# Shell Optimax to be phased out...



## StuarTT (May 7, 2002)

... and be replaced by Shell V-Power (100 Octane).

They have already started in Germany and are charging an even higher premium than on Optimax.


----------



## nutts (May 8, 2002)

That just means that all the remap/chipping specialists will charge extra for upgrading your remap.... :-/


----------



## W7 PMC (May 6, 2002)

Used the V-Power on the continent recently & its total loopy juice.

Can't wait for it to arrive ;D ;D


----------



## sonnyikea (Dec 31, 2002)

Stuart,

Hi, where do you get Optimax over here?

(Don't say a Shell garage as I've looked and can't see it) 


Cheers
Craig


----------



## Guest (May 14, 2003)

> Hi, where do you get Optimax over here?
> 
> (Don't say a Shell garage as I've looked and can't see it)


Shell garage on hte A4, at Gillette corner West London sells Optimax 

try another shell garage. until you see it..... in big red letters 8)


----------



## Guest (May 14, 2003)

unless of course you live in Luxembourg.. then I have no idea.. maybe Optimax is UK ONLY :-/


----------



## sonnyikea (Dec 31, 2002)

LOL ;D


----------



## StuarTT (May 7, 2002)

> Stuart,
> 
> Hi, where do you get Optimax over here?
> 
> ...


No idea, Craig, I've only ever seen it for sale in Germany.

As to the V-Power stuff, they are apparently selling it for 1,18 euros in Germany compared to 1,11 euros for normal unleaded Super .

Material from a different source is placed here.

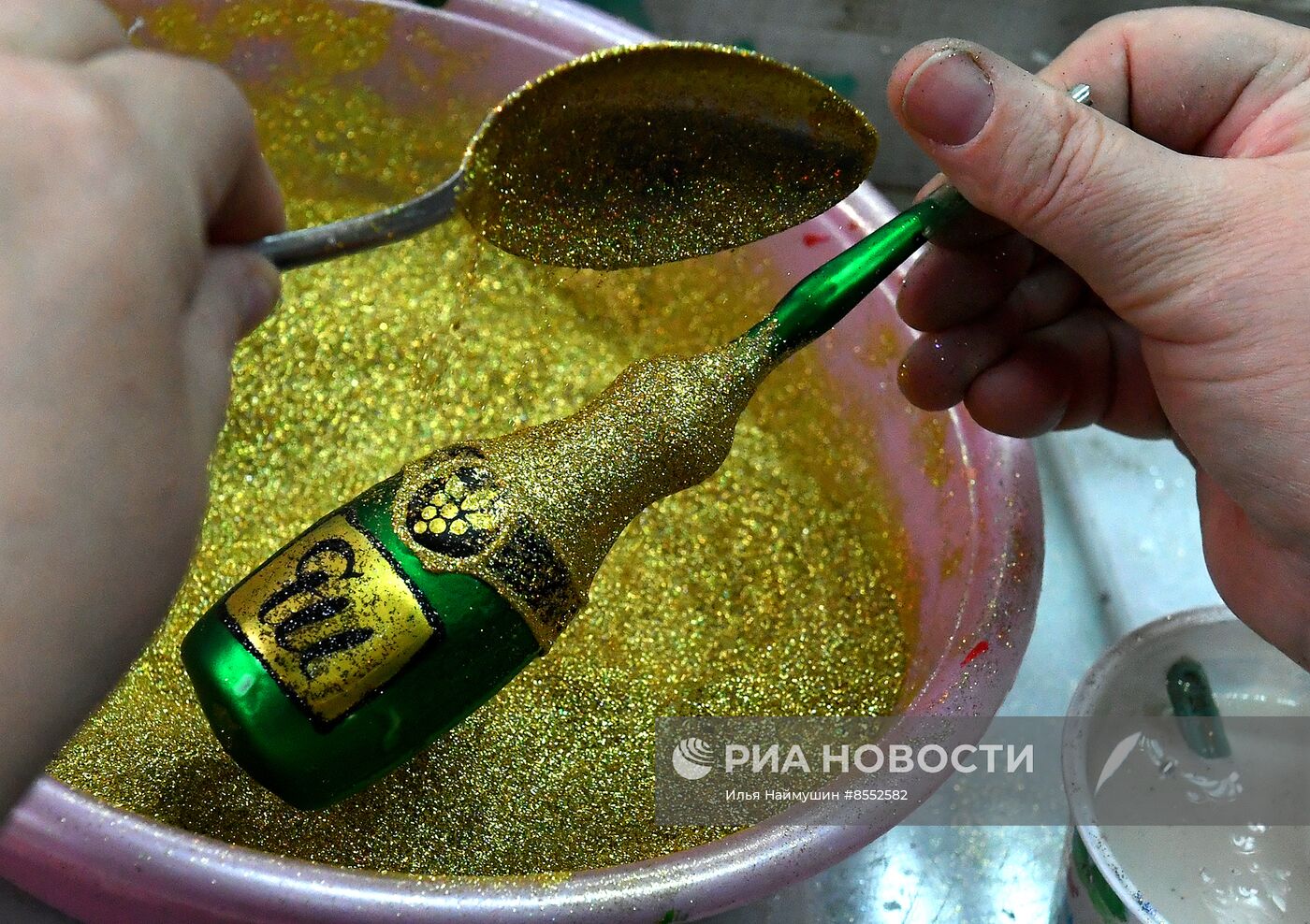 Производство елочных игрушек в Красноярске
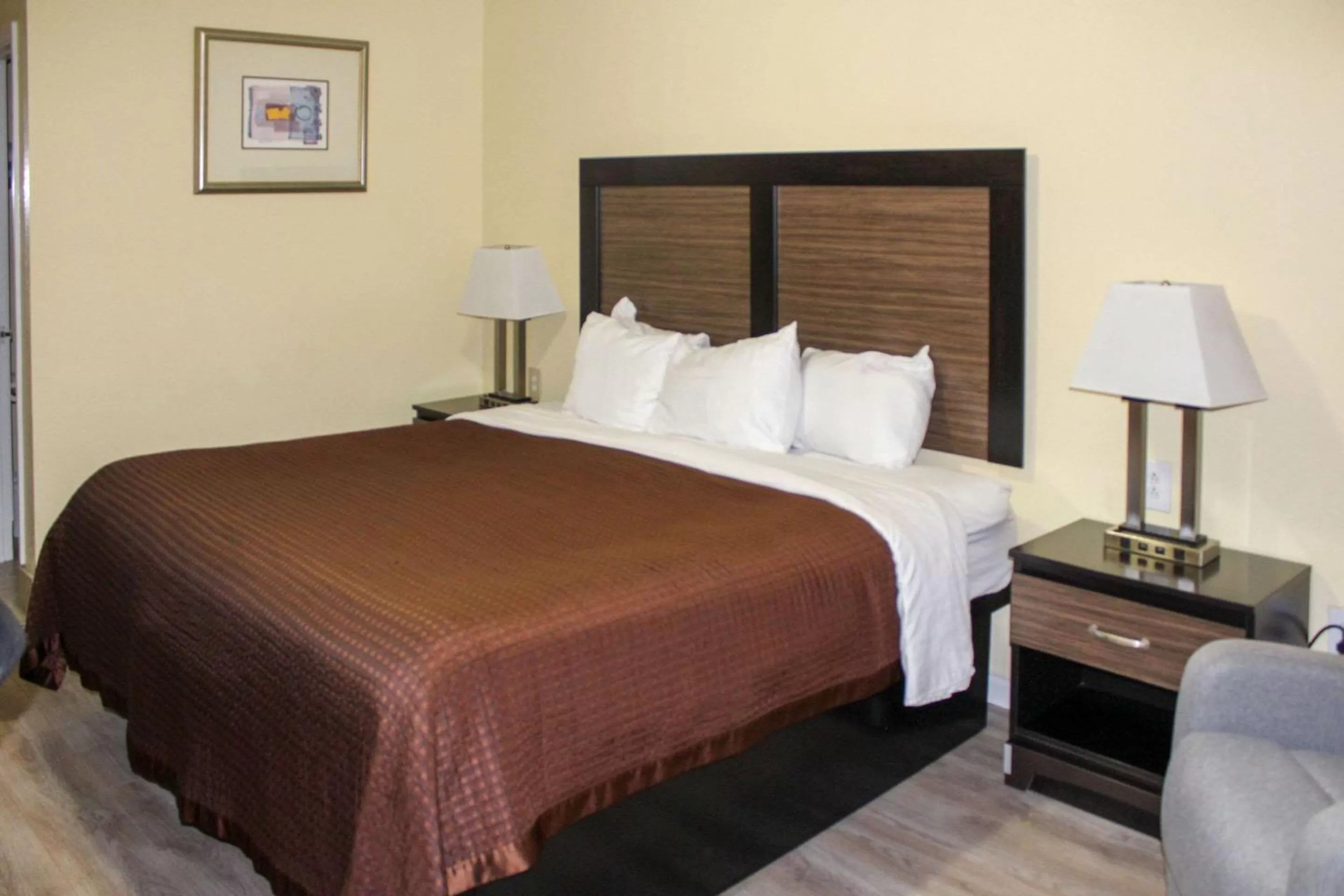 Bedroom, Bed in Rodeway Inn Medford South I-5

A bit heavy, when you consider that I filled up at the Shell station in Helfent on Friday for euros 0,77 before going to Germany for the weekend. ;D


----------



## donny (Sep 5, 2003)

Optimax being phased out...

It still needs to be phased in, in some places


----------



## sonnyikea (Dec 31, 2002)

That is pricey. Good that we have some of the cheapest fuel in Europe here. Whenever I go back to the UK and get a hire car it hurts to fill it up with petrol


----------



## Rhod_TT (May 7, 2002)

Friends of the family who work for Shell say we're keeping Optimax and Continental Europe get two different high-spec fuels. V-Power and F-Power (or something). Don't take my word for it though.

Could be another good reason to join europe properly.

Rhod


----------



## bash-the-monkey (Jun 5, 2002)

At this rate we could just experiment with other stuff - I vote we try Vodka first.

Bash
www.bashthemonkey.com

PS is it counted as drink driving if your car drinks it?


----------